THE INPUT: Begin
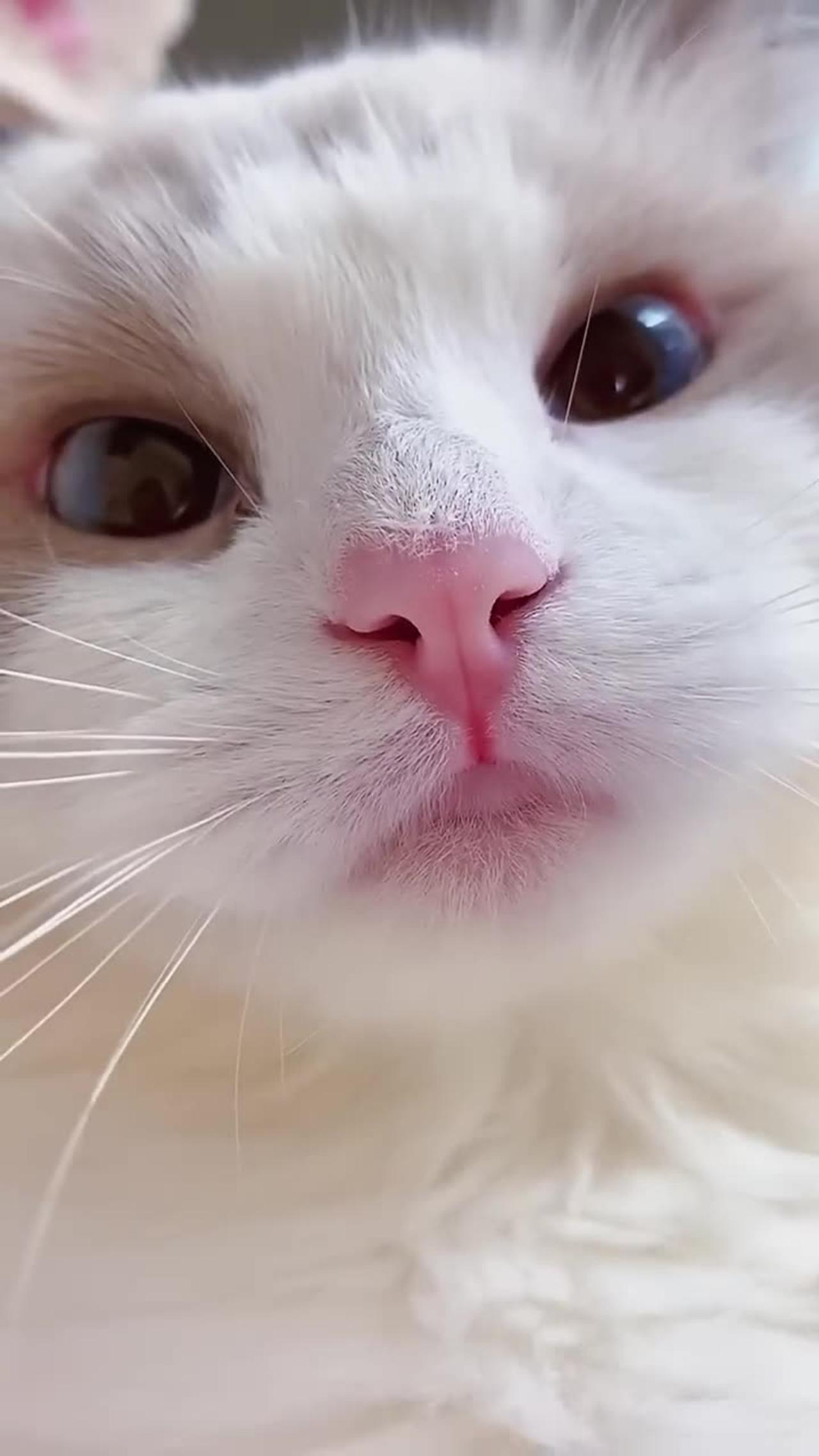 Cute Cat Meow (kitten)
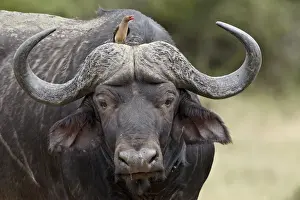 Red-billed oxpecker (Buphagus erythrorhynchus) on a Cape buffalo (African buffalo)
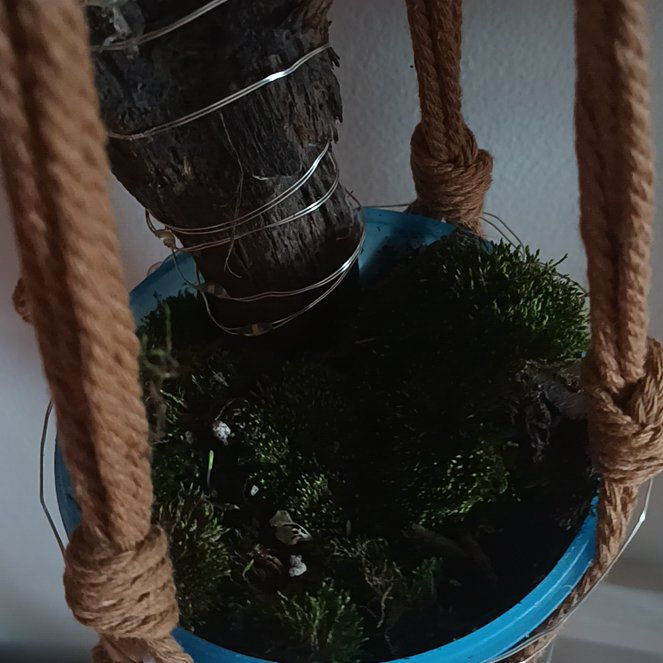 Photo of the plant species Curveleaf Plait Moss by @QuirkyPeony81 named Marley on Greg, the plant care app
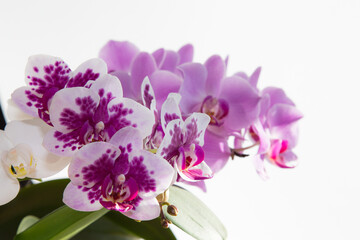 Blossoming violet orchid flower at white background
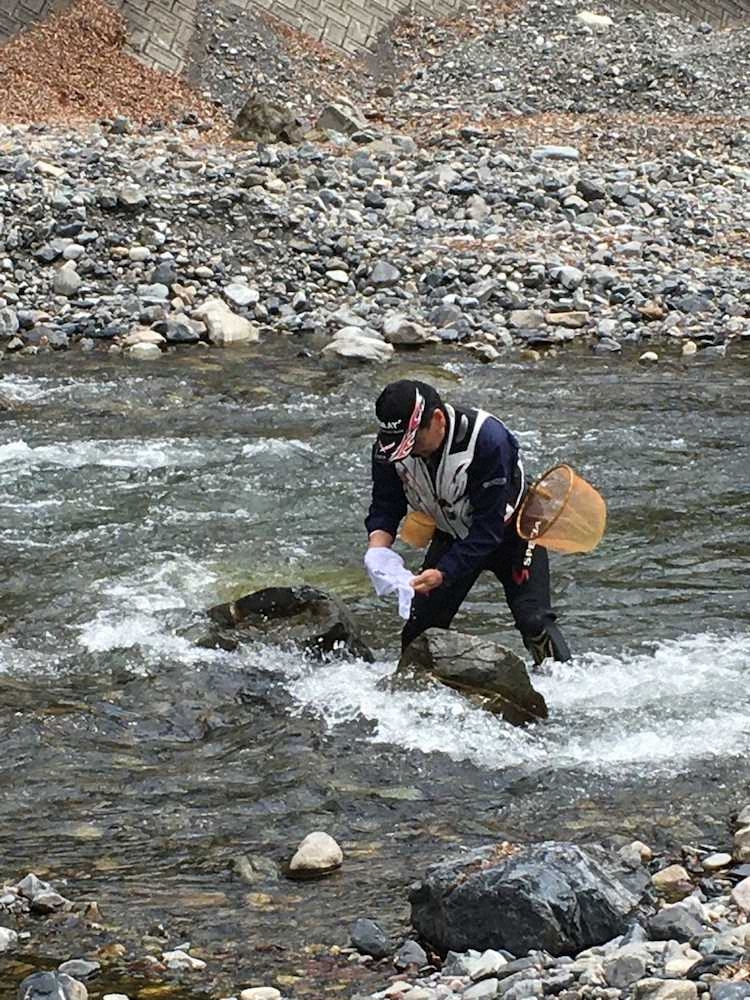【画像・写真】天然ヤマメ10匹のお出迎え　春のうららに誘われ足運んだ丹波川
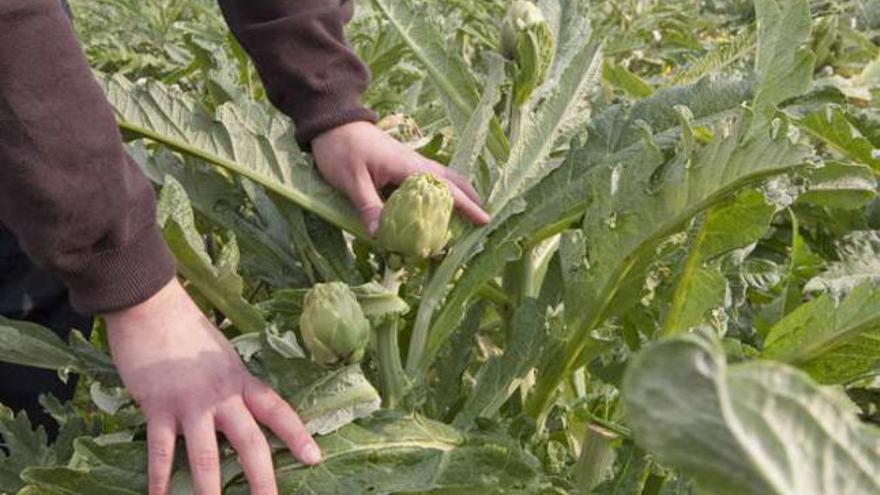 Plantar alcachofas en vez de casas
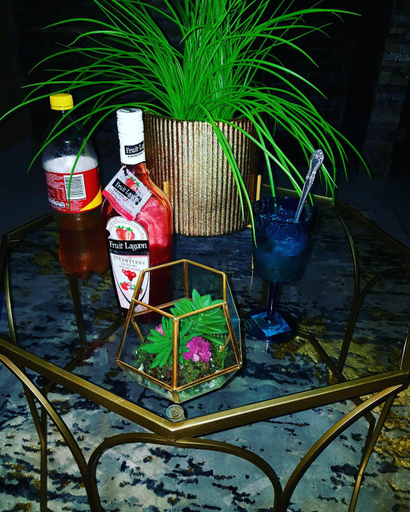 Food & Drinks, Ko-Porch luxury guest house, Capricorn
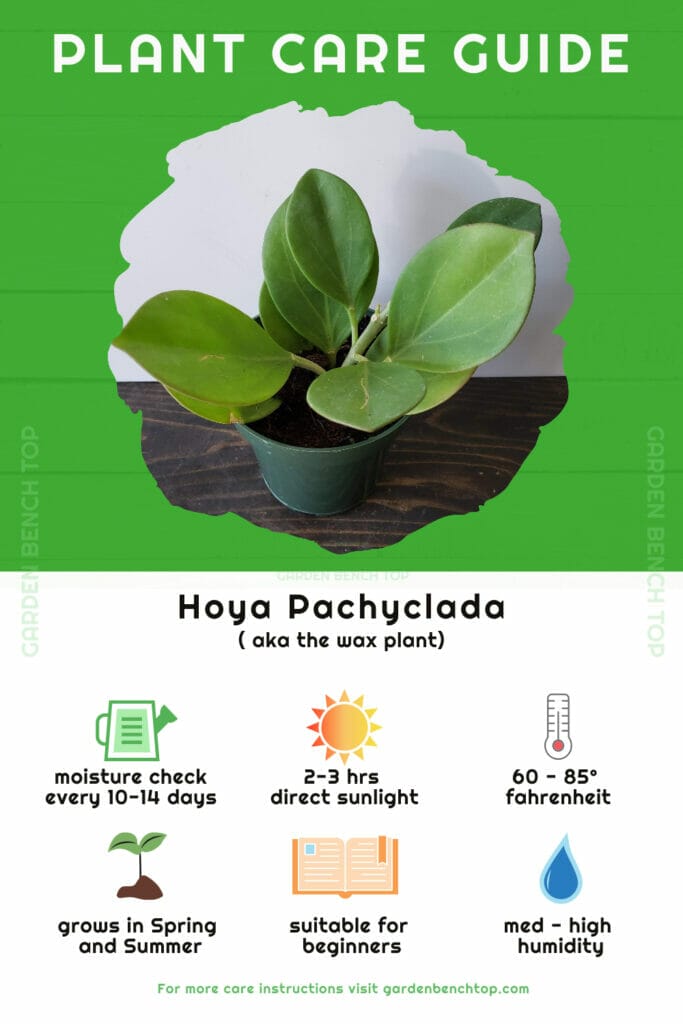 Hoya Pachyclada Quick Care Guide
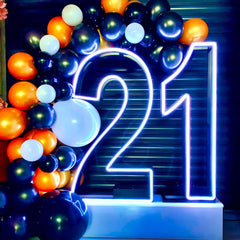 21 with RGB neon sign metal light up numbers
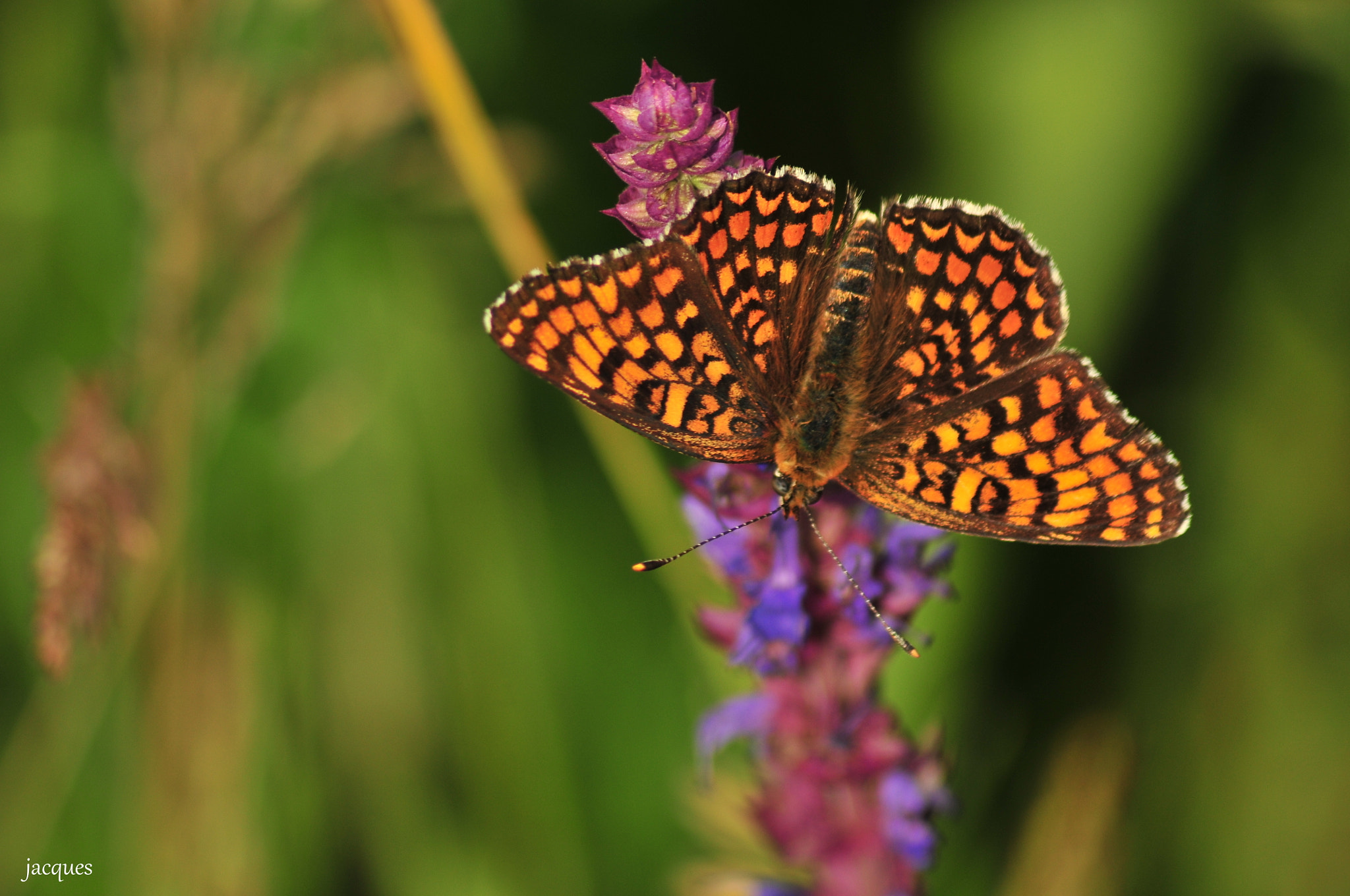 Nikon D300 sample photo. Butterfly photography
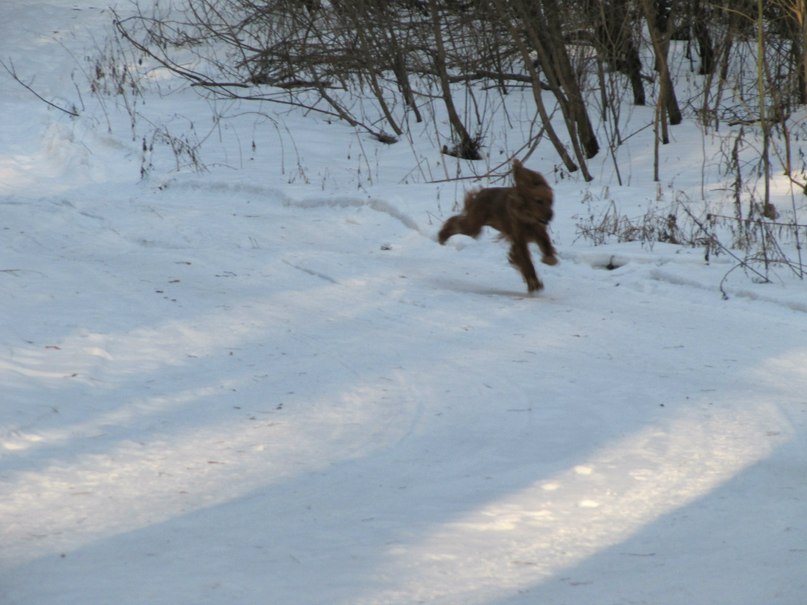 Бунтующий Ребенок | Белгород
THE INPUT: End
HOW TO COMPLETE THIS TASK -> Write out the records above exactly as they stand, leaving out every picture.

ANSWER SECTION ->
 Cute Cat Meow (kitten)
 Red-billed oxpecker (Buphagus erythrorhynchus) on a Cape buffalo (African buffalo)
 Photo of the plant species Curveleaf Plait Moss by @QuirkyPeony81 named Marley on Greg, the plant care app
 Blossoming violet orchid flower at white background
【画像・写真】天然ヤマメ10匹のお出迎え　春のうららに誘われ足運んだ丹波川
 Plantar alcachofas en vez de casas
 Food & Drinks, Ko-Porch luxury guest house, Capricorn
 Hoya Pachyclada Quick Care Guide
 21 with RGB neon sign metal light up numbers
 Nikon D300 sample photo. Butterfly photography
 Бунтующий Ребенок | Белгород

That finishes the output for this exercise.